I'm not going to poo poo the idea at all. :holysheep: 

In over 40 years of growing stuff I've noticed a lot of cause and effect (usually by accident  ), that's never mentioned in books, or anywhere, but is there if you care to notice.

Partially pregnant plants doesn't sound so far in left field to me.   Not after whacking on a Avacado tree with a switch to really kick it into bloom and fruit set.:hubba: :hubba: 

DD


----------



## SkunkPatronus (Nov 1, 2009)

Droopy Dog said:
			
		

> I'm not going to poo poo the idea at all. :holysheep:
> 
> In over 40 years of growing stuff I've noticed a lot of cause and effect (usually by accident  ), that's never mentioned in books, or anywhere, but is there if you care to notice.
> 
> ...


 
Well i have to say that around here, i think you're more the exception, sometimes i post something i have noticed or see and didn't read and people disagree, or laugh.. or throw a book at me that says the opposite, or kind of ignore it.

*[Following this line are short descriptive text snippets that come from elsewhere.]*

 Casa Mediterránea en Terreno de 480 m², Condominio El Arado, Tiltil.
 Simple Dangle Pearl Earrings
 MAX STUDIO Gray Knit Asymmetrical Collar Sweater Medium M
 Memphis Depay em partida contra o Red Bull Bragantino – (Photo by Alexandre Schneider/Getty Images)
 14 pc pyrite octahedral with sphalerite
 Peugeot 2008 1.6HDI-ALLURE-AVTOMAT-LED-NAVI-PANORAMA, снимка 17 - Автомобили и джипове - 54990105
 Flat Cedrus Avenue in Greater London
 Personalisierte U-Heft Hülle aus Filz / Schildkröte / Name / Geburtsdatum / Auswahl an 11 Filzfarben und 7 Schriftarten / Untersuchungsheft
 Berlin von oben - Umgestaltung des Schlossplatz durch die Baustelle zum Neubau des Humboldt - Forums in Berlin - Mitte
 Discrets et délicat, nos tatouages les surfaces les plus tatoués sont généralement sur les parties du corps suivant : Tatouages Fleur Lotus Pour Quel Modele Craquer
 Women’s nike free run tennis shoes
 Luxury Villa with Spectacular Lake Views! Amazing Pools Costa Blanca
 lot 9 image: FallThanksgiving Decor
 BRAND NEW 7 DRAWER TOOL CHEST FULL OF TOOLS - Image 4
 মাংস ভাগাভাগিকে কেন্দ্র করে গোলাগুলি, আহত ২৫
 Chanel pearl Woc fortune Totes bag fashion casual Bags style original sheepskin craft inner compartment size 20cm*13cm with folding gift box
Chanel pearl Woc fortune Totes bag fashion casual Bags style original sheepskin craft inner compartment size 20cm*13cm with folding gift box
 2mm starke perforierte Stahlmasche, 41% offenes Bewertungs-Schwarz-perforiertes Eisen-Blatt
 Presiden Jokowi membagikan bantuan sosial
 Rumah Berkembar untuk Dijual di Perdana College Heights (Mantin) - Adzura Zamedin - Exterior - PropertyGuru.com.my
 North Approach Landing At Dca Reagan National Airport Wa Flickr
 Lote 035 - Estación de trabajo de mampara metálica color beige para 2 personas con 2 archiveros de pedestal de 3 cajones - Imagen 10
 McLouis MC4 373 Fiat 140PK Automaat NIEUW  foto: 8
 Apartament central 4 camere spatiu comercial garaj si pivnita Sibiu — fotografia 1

But i do think that about the resin production thing in pot plants.  But i really i wish i knew to wack the avo tree to make more fruit... i lived amoung a grove of them once, in California and one tree had 'nable' or naval' avo's on it, they were perfectly round and huge like 10 pound size 4 soccar balls, they fell and you heard them from the house... my mom got hit with one once, i'm sure she would have loved hitting the tree back in the next season with a big stick!  must be like a pear, cut on a pear tree and it gets mad and makes more fruit.


----------



## leather (Nov 1, 2009)

Hi, I'm a newbe and new to growing. I have a question about pollenation. If I pollenate a lower bud will the whole plant pollenate or just that bud?


----------



## ozzydiodude (Nov 1, 2009)

Just the bud as long as you are careful with the pollen from the male plant


----------



## Amaethon (Nov 2, 2009)

Thanks for all the replies! I believe everyone that says they carry the hermie trait. But don't all seeds? I always thought hermies were more about enviromental conditions. (stress) I have plenty of fans running, enough where the plants acually sway, plus they are packed in the room and are always in contact with one another. (the 2 I found seeds on however were not next to each other)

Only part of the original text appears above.